Mission: Cavanaugh Baby
Page 3
Captain Owens’s tone was condescending. “That’s what it says.”
“What are we doing taking calls from Animal Control?” Shane wanted to know. “Is business around here that slow lately?”
It hadn’t exactly been jumping with cases, but there had been some criminal activity, enough to keep him busy at least since he’d found himself partner-less these past four weeks.
“Apparently, it initially came in as a ‘disturbing the peace’ call.” Owens shrugged his shoulders. “Maybe it escalated. The caller asked for a bus and backup,” he said, repeating what he’d written down.
“Just check it out,” the captain instructed, then added, “Unless, of course, you feel you’re too good for that now, given your new name and all.”
Paper in hand, Shane rose from his desk, giving no indication that the captain’s verbal jab irritated the hell out of him.

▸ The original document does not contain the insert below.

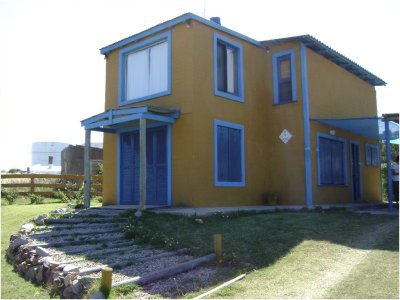 Casa en Manantiales, Punta Piedras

It had been difficult enough accepting the fact that his father, his siblings and he were not actually related to the family he had grown up believing was his, all because of an initial mix-up at the hospital where his father had been born. Suddenly they weren’t Italian, they were Scottish.
And now he found himself having to put up with snide remarks rooted in jealousy because when everything was finally cleared up, it came to light that the lot of them was not Cavellis, as they had thought, but Cavanaughs. Which meant, in turn, that he and the others were directly related to Aurora’s former chief of police and to the division’s current chief of detectives.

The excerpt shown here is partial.